* Exercise details: Each record that comes next should be output exactly; pictures do not belong in the copy.
___ Input
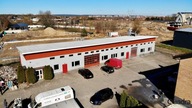 Magazyny i hale, Mierzyn, 800 m²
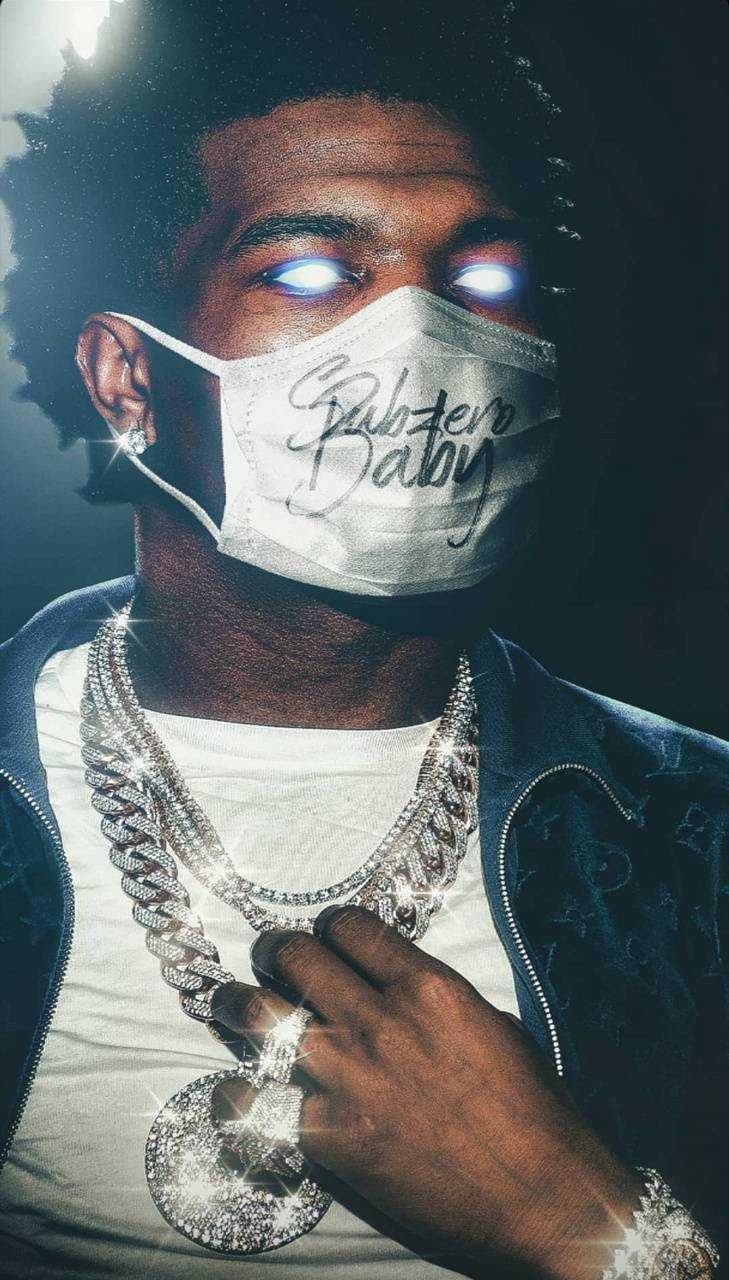 Android Lil Baby Wallpaper 1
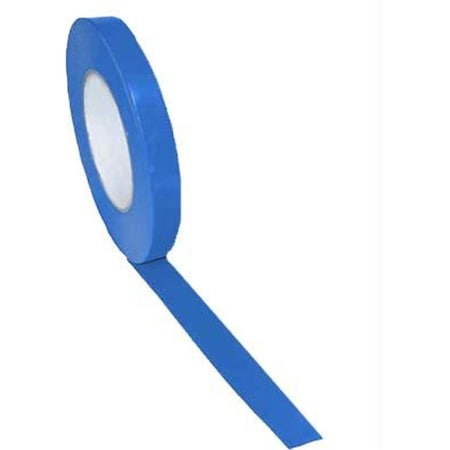 Gourmetgalley 5 in. x 36 Yards Vinyl Tape - Blue GO15790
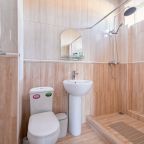 Улучшенный двухместный номер с собственной кухонной зоной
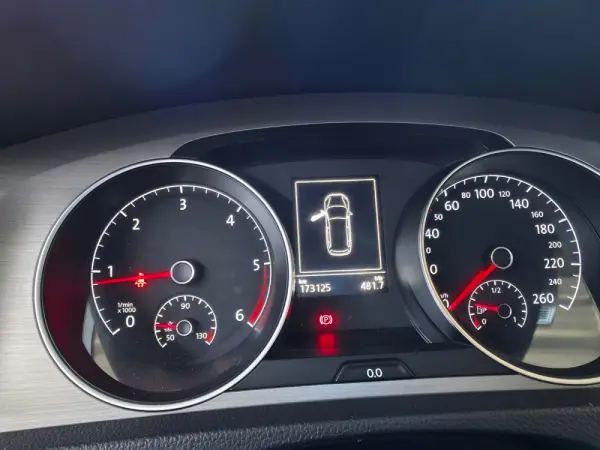 Volkswagen Golf Variant 12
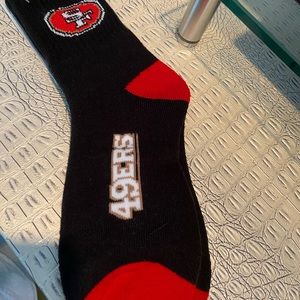 49ers Socks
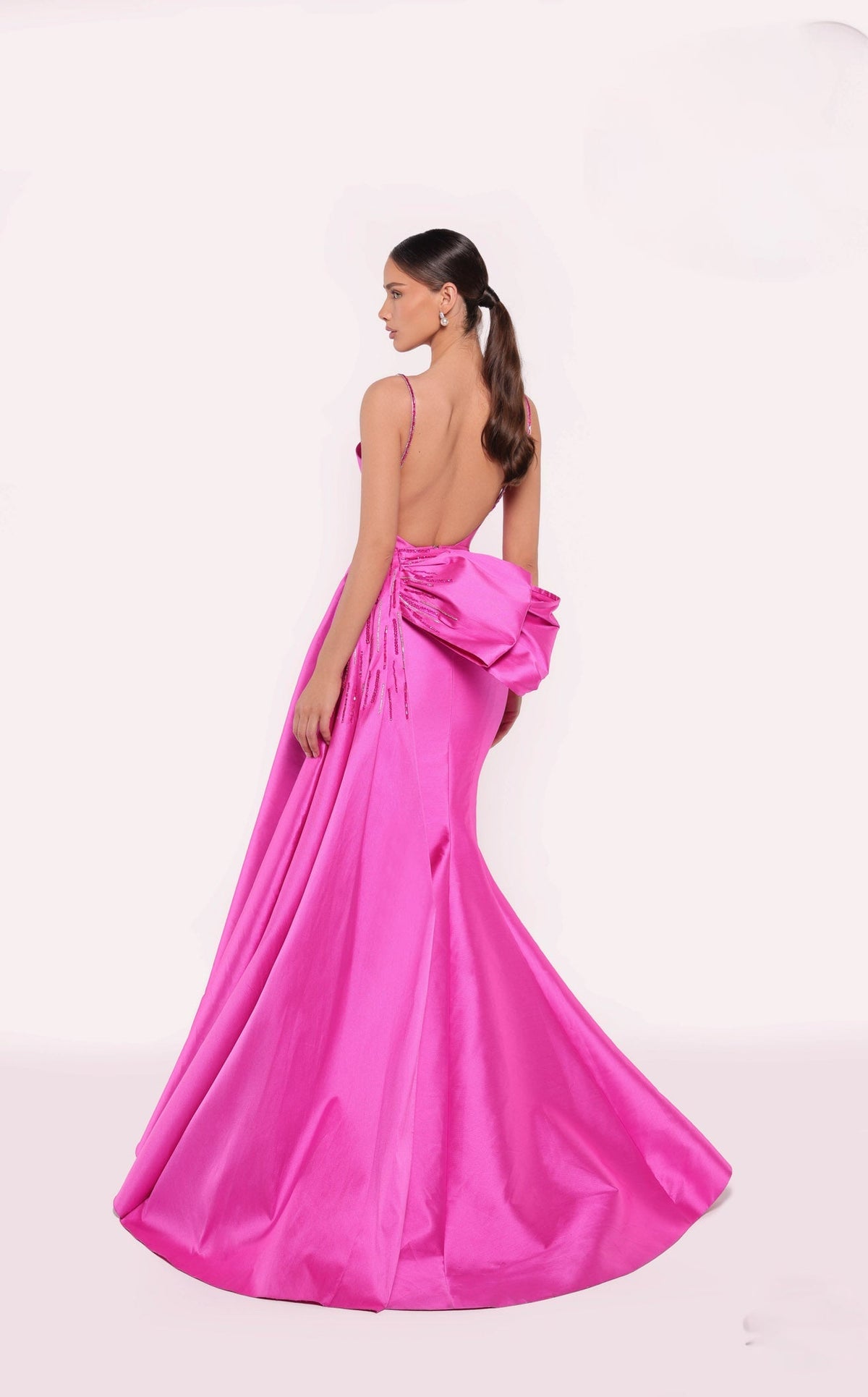Tarik Ediz 98756 Dress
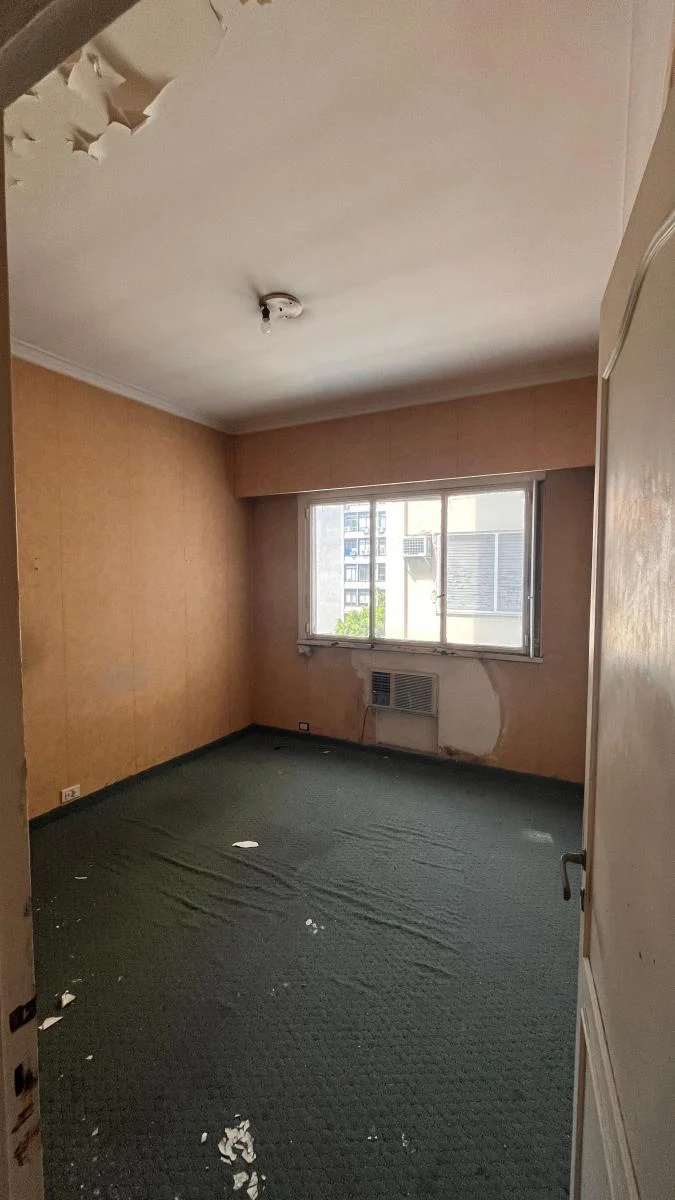 DEPARTAMENTO en Balvanera 3 ambientes - dormitorio principal - Arcudi Propiedades
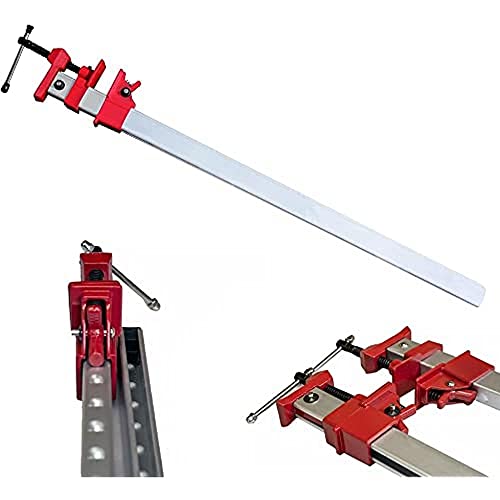 Rolson 14583 900 mm/3ft Aluminium Sash Clamp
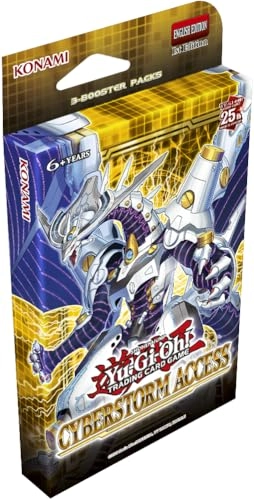Yu-Gi-Oh!: Cyberstorm Access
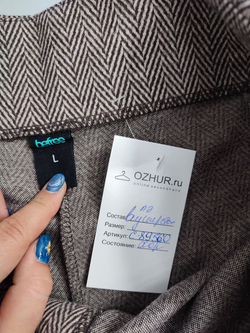 Брюки Befree с шерстью 48 размер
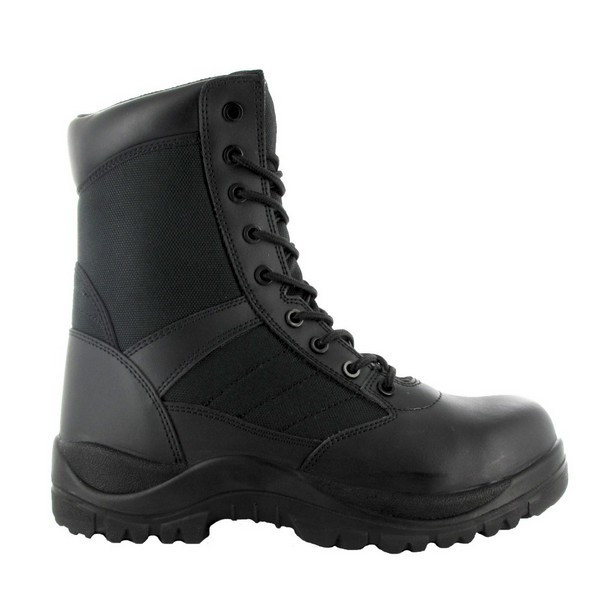 Chaussures/Rangers CENTURION 8.0 SZ 1 ZIP noir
______
* Response box:
 Magazyny i hale, Mierzyn, 800 m²
 Android Lil Baby Wallpaper 1
 Gourmetgalley 5 in. x 36 Yards Vinyl Tape - Blue GO15790
 Улучшенный двухместный номер с собственной кухонной зоной
 Volkswagen Golf Variant 12
 49ers Socks
Tarik Ediz 98756 Dress
 DEPARTAMENTO en Balvanera 3 ambientes - dormitorio principal - Arcudi Propiedades
 Rolson 14583 900 mm/3ft Aluminium Sash Clamp
Yu-Gi-Oh!: Cyberstorm Access
 Брюки Befree с шерстью 48 размер
 Chaussures/Rangers CENTURION 8.0 SZ 1 ZIP noir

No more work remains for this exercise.